The value of $(x – a)^n$ can be The sum of odd-numbered terms is

• A. 64
• B. -1
• C. -32
• D. None of these
• E. 1664
• F. 2376
• G. 1562
• H. 1486

Answer 1

Answer: (B), (G)

(B) -1 and (C) 1562

Answer 2

Given: $T_2 = 240$ $T_3 = 720$ $T_4 = 1080$

Using ratios of consecutive terms: $\frac{T_3}{T_2} = \frac{\binom{n}{2}x^{n-2}a^2}{\binom{n}{1}x^{n-1}a^1} = \frac{n-1}{2}\frac{a}{x} = \frac{720}{240} = 3$ (1) $\frac{T_4}{T_3} = \frac{\binom{n}{3}x^{n-3}a^3}{\binom{n}{2}x^{n-2}a^2} = \frac{n-2}{3}\frac{a}{x} = \frac{1080}{720} = \frac{3}{2}$ (2)
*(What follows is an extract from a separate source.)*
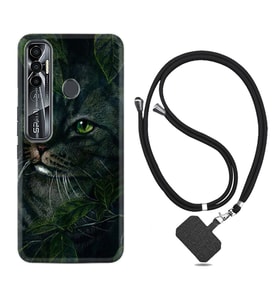 Tecno Spark 6 6 Go 8C 8 Pro 7 7 Pro Kılıf Boyun Askılı Silikon Flowers Cat 1345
Dividing (1) by (2): $\frac{\frac{n-1}{2}\frac{a}{x}}{\frac{n-2}{3}\frac{a}{x}} = \frac{3}{3/2}$ $\frac{3(n-1)}{2(n-2)} = 2$ $3(n-1) = 4(n-2)$ $3n - 3 = 4n - 8$ $n = 5$

Substitute $n=5$ into (1): $\frac{5-1}{2}\frac{a}{x} = 3$ $2\frac{a}{x} = 3 \implies \frac{a}{x} = \frac{3}{2}$

Now, use $T_2 = \binom{5}{1}x^{5-1}a^1 = 5x^4a = 240$. Substitute $a = \frac{3}{2}x$: $5x^4(\frac{3}{2}x) = 240$ $\frac{15}{2}x^5 = 240$ $x^5 = 240 \times \frac{2}{15} = 16 \times 2 = 32$ $x = 2$

Then $a = \frac{3}{2}x = \frac{3}{2}(2) = 3$.
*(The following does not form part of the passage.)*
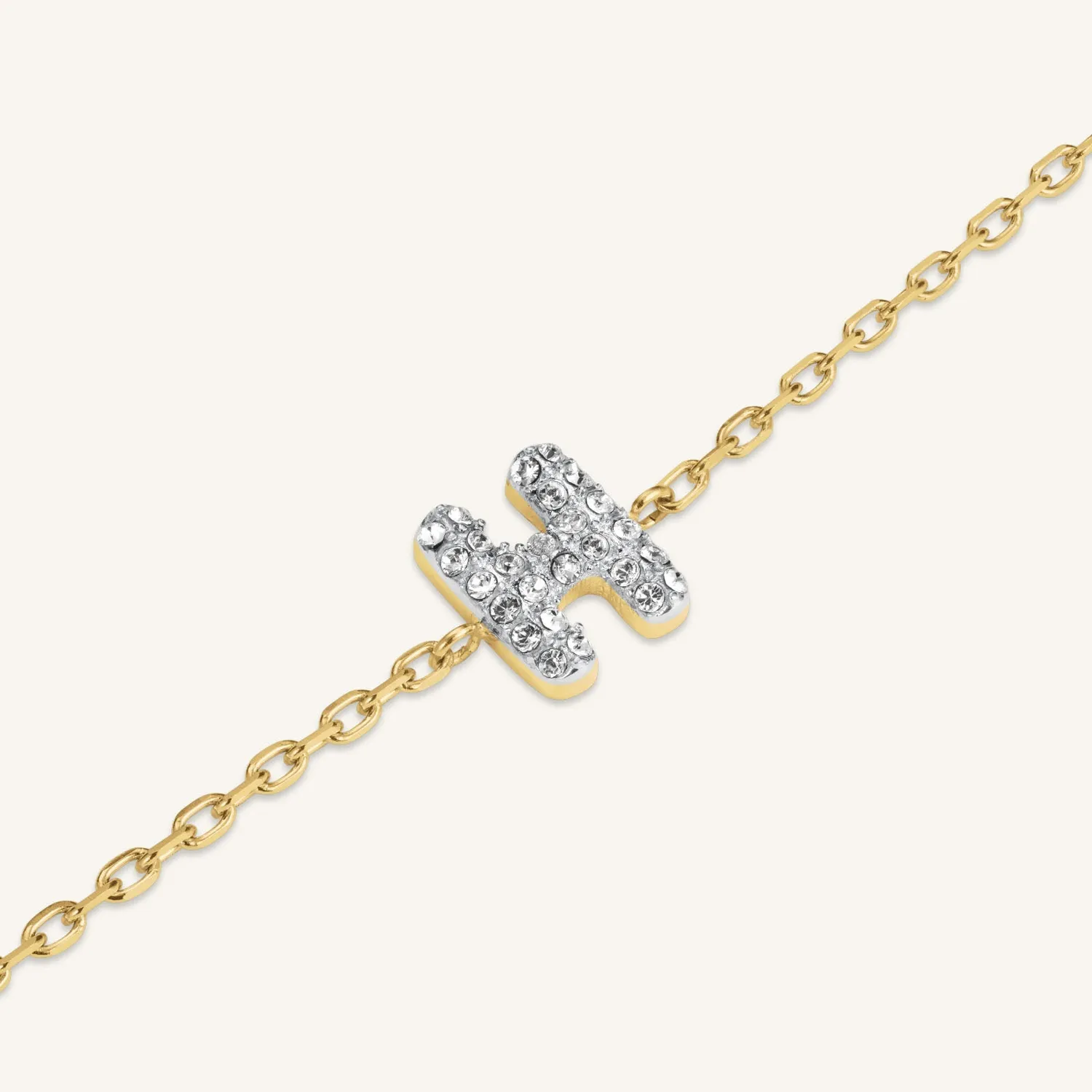 Rosefield Crystal Letter H armbånd gull justerbart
First part: $(x-a)^n = (2-3)^5 = (-1)^5 = -1$.

Second part: Sum of odd-numbered terms is $\frac{1}{2}[(x+a)^n + (x-a)^n]$. Sum = $\frac{1}{2}[(2+3)^5 + (2-3)^5]$ Sum = $\frac{1}{2}[5^5 + (-1)^5]$ Sum = $\frac{1}{2}[3125 - 1]$ Sum = $\frac{3124}{2} = 1562$.